Today, I'm continuing the reposting of those reviews from the long gone blog, this one of the movie "A Woman Is A Woman".
(Originally posted Jan 2016)
On the 1st February 2016, STUDIOCANAL is releasing a boxed set of films by the legendary director Jean-Luc Godard on blu-ray. Last week, I had a look at the first film in the box, the stunning and ultra-cool “Breathless” (À Bout De Souffle). This week, I turn my attentions to Godard’s first work in Cinemascope and colour, “A Woman is a Woman” (Une femme est une femme).
Still oozing in cool, Godard embraces colour and cinemascope and feels like it is paying tribute to the big budget, colour musicals of Hollywood. But it still retains its originality, its playfulness with the medium and film language, to make it unmistakably Godard’s, and genuinely wonderful.
I’d not seen the film before, but reading the synopsis it sounds horribly dark. Angela, an exotic dancer in a strip club is in a relationship with Émile. She wants to have a baby, but he doesn’t, fearing it’ll tie him down and stop his chauvinistic galavanting. She turns to his friend Alfred, who is in love with her, and threatens to sleep with him to get what she wants.
It could be seen as a dark, and slightly depressing story of a love that has gone cold. A relationship coming to an end, and Angela’s desperation to have a child. But it’s not. Far, far from it.
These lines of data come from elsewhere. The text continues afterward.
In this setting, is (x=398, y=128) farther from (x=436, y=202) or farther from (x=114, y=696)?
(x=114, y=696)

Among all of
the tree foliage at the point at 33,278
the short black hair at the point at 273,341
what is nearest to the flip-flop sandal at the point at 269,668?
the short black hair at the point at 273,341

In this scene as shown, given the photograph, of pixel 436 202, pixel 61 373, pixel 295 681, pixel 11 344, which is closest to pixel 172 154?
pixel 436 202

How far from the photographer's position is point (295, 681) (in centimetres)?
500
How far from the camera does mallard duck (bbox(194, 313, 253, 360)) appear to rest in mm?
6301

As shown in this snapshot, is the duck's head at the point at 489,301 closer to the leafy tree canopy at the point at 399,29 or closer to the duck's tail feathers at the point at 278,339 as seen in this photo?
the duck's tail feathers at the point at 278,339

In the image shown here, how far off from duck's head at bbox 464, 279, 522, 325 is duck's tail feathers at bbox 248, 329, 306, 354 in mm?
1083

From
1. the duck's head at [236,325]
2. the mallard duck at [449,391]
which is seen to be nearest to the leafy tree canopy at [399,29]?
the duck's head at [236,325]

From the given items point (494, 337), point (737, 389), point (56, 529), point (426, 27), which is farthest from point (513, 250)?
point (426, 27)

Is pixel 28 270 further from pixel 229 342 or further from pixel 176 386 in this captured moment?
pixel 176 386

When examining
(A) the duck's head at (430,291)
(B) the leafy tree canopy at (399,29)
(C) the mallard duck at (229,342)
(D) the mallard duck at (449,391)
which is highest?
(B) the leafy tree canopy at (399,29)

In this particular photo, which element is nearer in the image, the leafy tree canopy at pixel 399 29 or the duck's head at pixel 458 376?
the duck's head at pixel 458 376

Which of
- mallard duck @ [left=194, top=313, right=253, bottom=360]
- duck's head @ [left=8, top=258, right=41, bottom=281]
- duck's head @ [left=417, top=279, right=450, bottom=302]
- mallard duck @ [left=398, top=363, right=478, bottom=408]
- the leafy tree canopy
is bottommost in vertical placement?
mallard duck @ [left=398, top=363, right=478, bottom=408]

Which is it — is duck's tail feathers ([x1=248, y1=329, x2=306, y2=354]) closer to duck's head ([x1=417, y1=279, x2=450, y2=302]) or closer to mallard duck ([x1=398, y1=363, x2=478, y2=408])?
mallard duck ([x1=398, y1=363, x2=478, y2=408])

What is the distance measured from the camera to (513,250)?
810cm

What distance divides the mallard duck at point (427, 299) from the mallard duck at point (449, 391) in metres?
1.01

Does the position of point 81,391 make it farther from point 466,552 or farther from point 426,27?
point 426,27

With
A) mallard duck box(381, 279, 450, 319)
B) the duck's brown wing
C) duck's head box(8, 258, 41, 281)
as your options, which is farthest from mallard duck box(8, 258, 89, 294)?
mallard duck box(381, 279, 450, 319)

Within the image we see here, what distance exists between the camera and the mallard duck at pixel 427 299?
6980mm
Instead the film is bright, colourful, filled with humour and music that feels more like a modern independent romantic comedy, like “(500) Days of Summer”. It’s no surprise that “A Woman is a Woman” is one of Joseph Gordon-Levitt’s favourite films.
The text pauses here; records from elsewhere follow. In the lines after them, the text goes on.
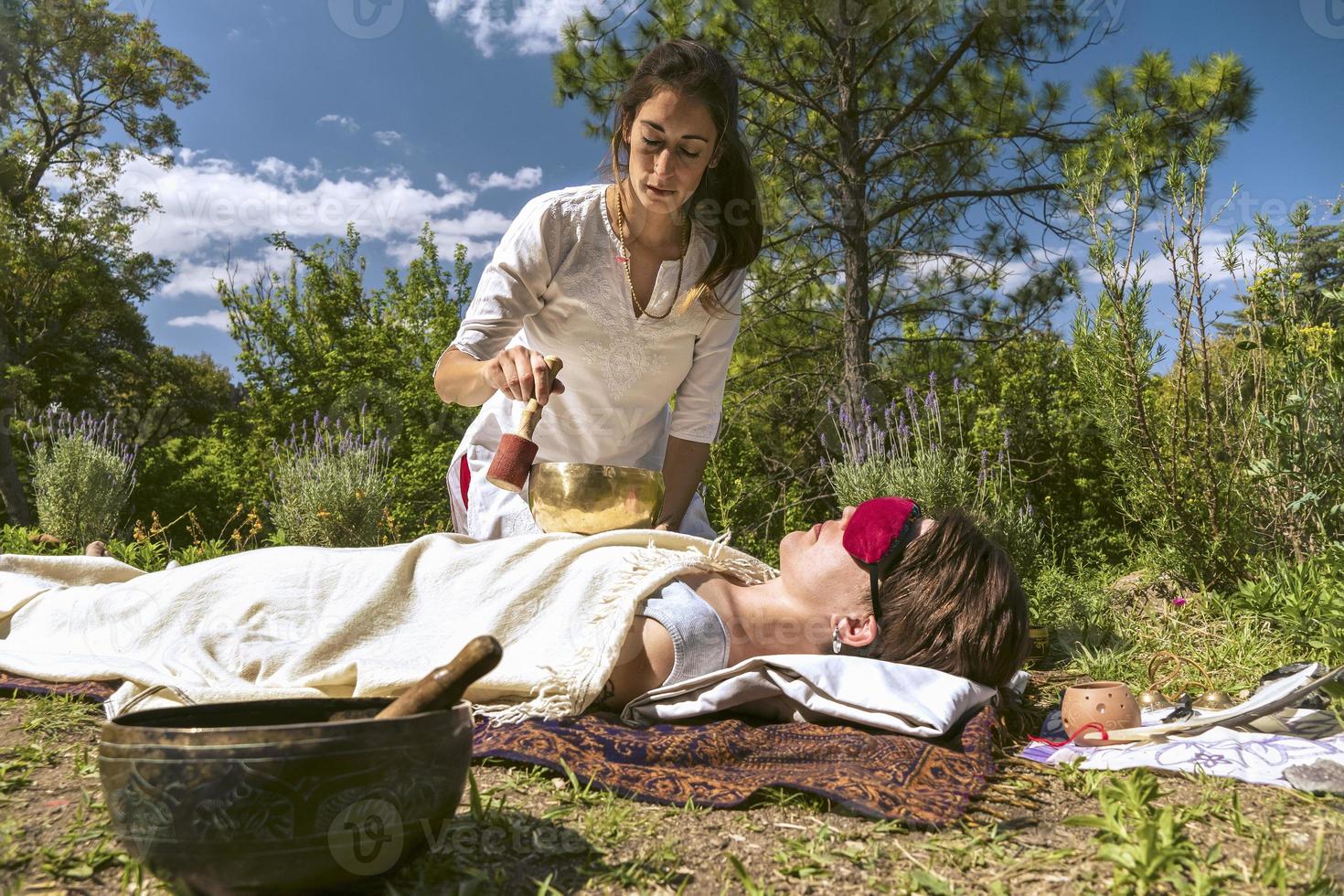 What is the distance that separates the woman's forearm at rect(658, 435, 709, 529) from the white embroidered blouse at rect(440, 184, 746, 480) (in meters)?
0.03

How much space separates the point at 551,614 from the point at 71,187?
1764 centimetres

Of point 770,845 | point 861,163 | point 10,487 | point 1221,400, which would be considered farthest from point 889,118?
point 10,487

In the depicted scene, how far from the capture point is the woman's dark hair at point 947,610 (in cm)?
242

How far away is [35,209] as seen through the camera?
51.2 ft

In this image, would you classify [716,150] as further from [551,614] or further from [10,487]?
[10,487]

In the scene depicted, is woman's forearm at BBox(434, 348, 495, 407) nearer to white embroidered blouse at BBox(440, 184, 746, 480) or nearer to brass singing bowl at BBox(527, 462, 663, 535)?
white embroidered blouse at BBox(440, 184, 746, 480)

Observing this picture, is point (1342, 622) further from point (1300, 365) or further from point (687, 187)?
point (687, 187)

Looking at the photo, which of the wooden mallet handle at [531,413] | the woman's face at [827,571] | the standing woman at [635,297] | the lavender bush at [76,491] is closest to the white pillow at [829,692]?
the woman's face at [827,571]

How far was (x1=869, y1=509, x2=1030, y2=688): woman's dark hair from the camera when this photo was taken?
7.93ft

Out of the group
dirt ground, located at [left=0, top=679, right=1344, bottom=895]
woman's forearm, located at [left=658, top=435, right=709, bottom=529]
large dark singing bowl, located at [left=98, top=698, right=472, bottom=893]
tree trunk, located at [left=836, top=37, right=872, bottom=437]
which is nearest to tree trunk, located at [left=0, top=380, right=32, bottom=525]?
tree trunk, located at [left=836, top=37, right=872, bottom=437]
Anna Karina plays Angela with such vibrancy and humour, she is absolutely mesmerising. You wonder why the cold Émile, played by Jean-Claude Brialy, isn’t worshipping the ground under her feet. They have a strange relationship, and most of the film they are arguing, but not in a horrible way. There have been films where couples argue or hate each other (“War of the Roses”, “The Breakup”) which I have absolutely hated, coming out of the film feeling depressed. This, the arguing is sweet and amusing. There are segments where they refuse to talk to each other, highlighting words from book covers to insult each other. But in between her arguing and telling Émile that she hates him, she looks to the camera, breaks the fourth wall, and tells the audience that she really loves him.
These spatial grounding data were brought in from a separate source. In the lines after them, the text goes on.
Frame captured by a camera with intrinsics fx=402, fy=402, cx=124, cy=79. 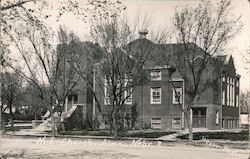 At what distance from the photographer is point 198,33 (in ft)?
71.3

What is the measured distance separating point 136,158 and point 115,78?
41.0 ft

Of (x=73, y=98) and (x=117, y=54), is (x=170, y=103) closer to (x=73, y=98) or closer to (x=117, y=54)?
Result: (x=73, y=98)

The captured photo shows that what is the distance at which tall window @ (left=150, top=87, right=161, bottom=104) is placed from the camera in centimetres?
3741

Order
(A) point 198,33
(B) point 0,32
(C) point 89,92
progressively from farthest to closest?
(C) point 89,92 < (A) point 198,33 < (B) point 0,32

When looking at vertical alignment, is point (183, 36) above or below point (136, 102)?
above

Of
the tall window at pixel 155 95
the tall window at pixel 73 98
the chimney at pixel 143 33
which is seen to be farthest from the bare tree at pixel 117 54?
the tall window at pixel 73 98

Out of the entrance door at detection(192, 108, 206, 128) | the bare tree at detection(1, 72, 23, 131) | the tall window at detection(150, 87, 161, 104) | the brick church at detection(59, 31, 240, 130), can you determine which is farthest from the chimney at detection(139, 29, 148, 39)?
the entrance door at detection(192, 108, 206, 128)

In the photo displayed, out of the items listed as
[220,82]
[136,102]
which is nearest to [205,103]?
[220,82]

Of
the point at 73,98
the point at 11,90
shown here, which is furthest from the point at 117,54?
the point at 73,98

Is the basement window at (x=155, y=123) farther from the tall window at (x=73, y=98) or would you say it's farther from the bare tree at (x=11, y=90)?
the bare tree at (x=11, y=90)

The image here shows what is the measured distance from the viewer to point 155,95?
123ft

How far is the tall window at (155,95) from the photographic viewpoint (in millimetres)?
37406

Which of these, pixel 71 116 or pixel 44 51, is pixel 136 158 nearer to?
pixel 44 51

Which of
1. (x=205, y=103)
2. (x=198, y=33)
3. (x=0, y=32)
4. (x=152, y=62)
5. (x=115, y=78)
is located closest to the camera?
(x=0, y=32)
The other man in her life, Alfred, is played by Breathless superstar Jean-Paul Belmondo. Playing it cool and rogue-like again, but in a more subtle way that before, and showing a real affection for Angela.
I won’t tell you how the film is resolved, it seriously should be seen. It has lovely quirks - like Angela going to answer a phonecall, throwing a frying egg up into the air, answering the call, coming back to catch the egg - and plays with Godard’s signature jump-cuts perfectly - one of Angela’s dancer friends changes clothes by simply walking behind a post. Add fourth wall breaking, cycling around an apartment, and captions on screen to add to the mix, and you’re presented with a wonderful treat that has already become a favourite in my books.
The blu-ray is suitably gorgeous, though the music track seemed a lot louder than the rest of the film (probably more a problem with my TV set up than the film). Extras on the disc include an introduction, and an interview with Anna Karina.